[<prev] [next>] [thread-next>] [day] [month] [year] [list]
Message-Id: <20181027120445.21552-1-jianfeng.tan@linux.alibaba.com>
Date: Sat, 27 Oct 2018 12:04:45 +0000
From: Jianfeng Tan <jianfeng.tan@...ux.alibaba.com>
To: netdev@...r.kernel.org
Cc: davem@...emloft.net, jasowang@...hat.com, mst@...hat.com
Subject: [PATCH] net/packet: support vhost mrg_rxbuf
Previouly, virtio net header size is hardcoded to be 10, which makes
the feature mrg_rxbuf not available.
We redefine PACKET_VNET_HDR ioctl which treats user input as boolean,
but now as int, 0, 10, 12, or everything else be treated as 10.
There will be one case which is treated differently: if user input is
12, previously, the header size will be 10; but now it's 12.
Signed-off-by: Jianfeng Tan <jianfeng.tan@...ux.alibaba.com>
---
net/packet/af_packet.c | 97 ++++++++++++++++++++++++++----------------
net/packet/diag.c | 2 +-
net/packet/internal.h | 2 +-
3 files changed, 63 insertions(+), 38 deletions(-)
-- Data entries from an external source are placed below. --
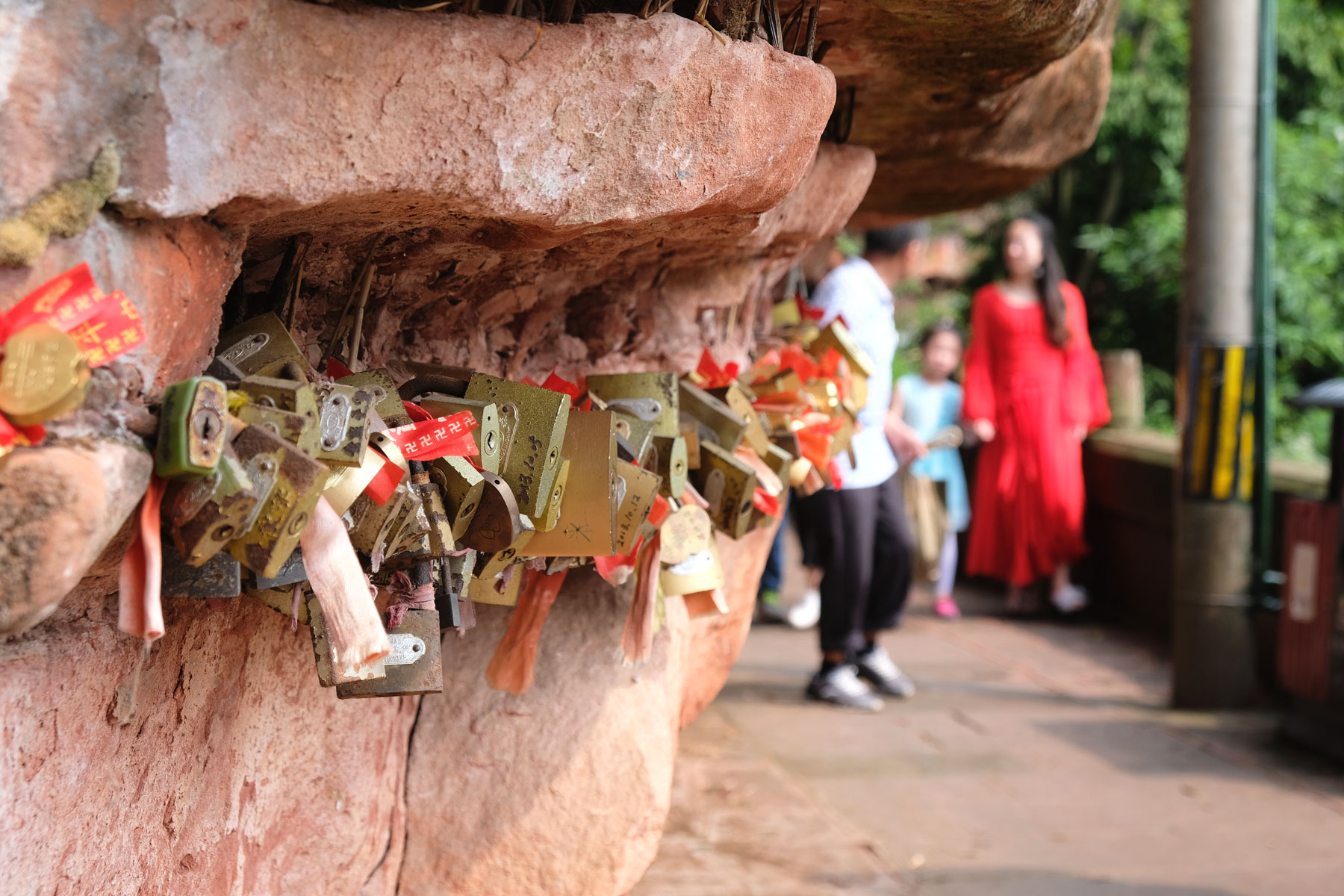 Vorhängeschlösser an einem Felsen im Shunan Zhuhai Nationalpark.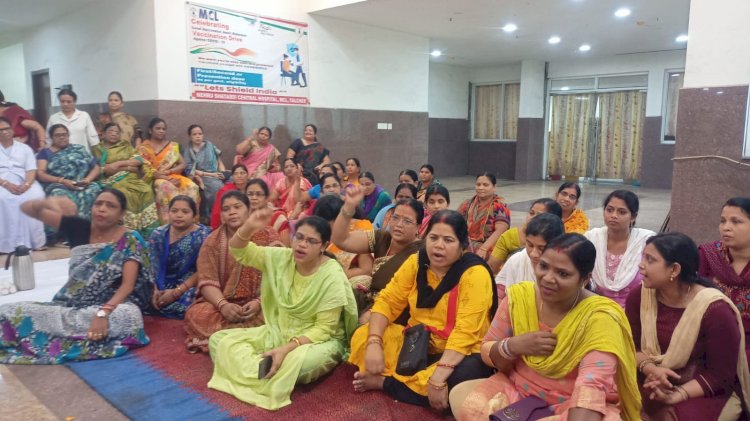 8 सूत्री मांगो को लेकर हड़ताल में नर्स 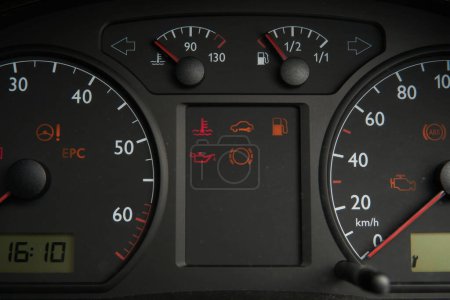 Auto-Tacho - Auto-Armaturenbrett mit niedriger Treibstoffanzeige und Fehlerleuchten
diff --git a/net/packet/af_packet.c b/net/packet/af_packet.c
index ec3095f13aae..1bd7f4cdcc80 100644
--- a/net/packet/af_packet.c
+++ b/net/packet/af_packet.c
@@ -1999,18 +1999,24 @@ static unsigned int run_filter(struct sk_buff *skb,
}
static int packet_rcv_vnet(struct msghdr *msg, const struct sk_buff *skb,
- size_t *len)
+ size_t *len, int vnet_hdr_len)
{
+ int res;
struct virtio_net_hdr vnet_hdr;
- if (*len < sizeof(vnet_hdr))
+ if (*len < vnet_hdr_len)
return -EINVAL;
- *len -= sizeof(vnet_hdr);
+ *len -= vnet_hdr_len;
if (virtio_net_hdr_from_skb(skb, &vnet_hdr, vio_le(), true, 0))
return -EINVAL;
- return memcpy_to_msg(msg, (void *)&vnet_hdr, sizeof(vnet_hdr));
+ res = memcpy_to_msg(msg, (void *)&vnet_hdr, sizeof(vnet_hdr));
+ if (res == 0)
+ iov_iter_advance(&msg->msg_iter,
+ vnet_hdr_len - sizeof(vnet_hdr));
+
+ return res;
}
/*
@@ -2206,11 +2212,13 @@ static int tpacket_rcv(struct sk_buff *skb, struct net_device *dev,
po->tp_reserve;
} else {
unsigned int maclen = skb_network_offset(skb);
+ int vnet_hdr_sz = READ_ONCE(po->vnet_hdr_sz);
+
netoff = TPACKET_ALIGN(po->tp_hdrlen +
(maclen < 16 ? 16 : maclen)) +
po->tp_reserve;
- if (po->has_vnet_hdr) {
- netoff += sizeof(struct virtio_net_hdr);
+ if (vnet_hdr_sz) {
+ netoff += vnet_hdr_sz;
do_vnet = true;
}
macoff = netoff - maclen;
@@ -2429,19 +2437,6 @@ static int __packet_snd_vnet_parse(struct virtio_net_hdr *vnet_hdr, size_t len)
return 0;
}
-static int packet_snd_vnet_parse(struct msghdr *msg, size_t *len,
- struct virtio_net_hdr *vnet_hdr)
-{
- if (*len < sizeof(*vnet_hdr))
- return -EINVAL;
- *len -= sizeof(*vnet_hdr);
-
- if (!copy_from_iter_full(vnet_hdr, sizeof(*vnet_hdr), &msg->msg_iter))
- return -EFAULT;
-
- return __packet_snd_vnet_parse(vnet_hdr, *len);
-}
-
static int tpacket_fill_skb(struct packet_sock *po, struct sk_buff *skb,
void *frame, struct net_device *dev, void *data, int tp_len,
__be16 proto, unsigned char *addr, int hlen, int copylen,
@@ -2609,6 +2604,7 @@ static int tpacket_snd(struct packet_sock *po, struct msghdr *msg)
int len_sum = 0;
int status = TP_STATUS_AVAILABLE;
int hlen, tlen, copylen = 0;
+ int vnet_hdr_sz;
mutex_lock(&po->pg_vec_lock);
@@ -2648,7 +2644,8 @@ static int tpacket_snd(struct packet_sock *po, struct msghdr *msg)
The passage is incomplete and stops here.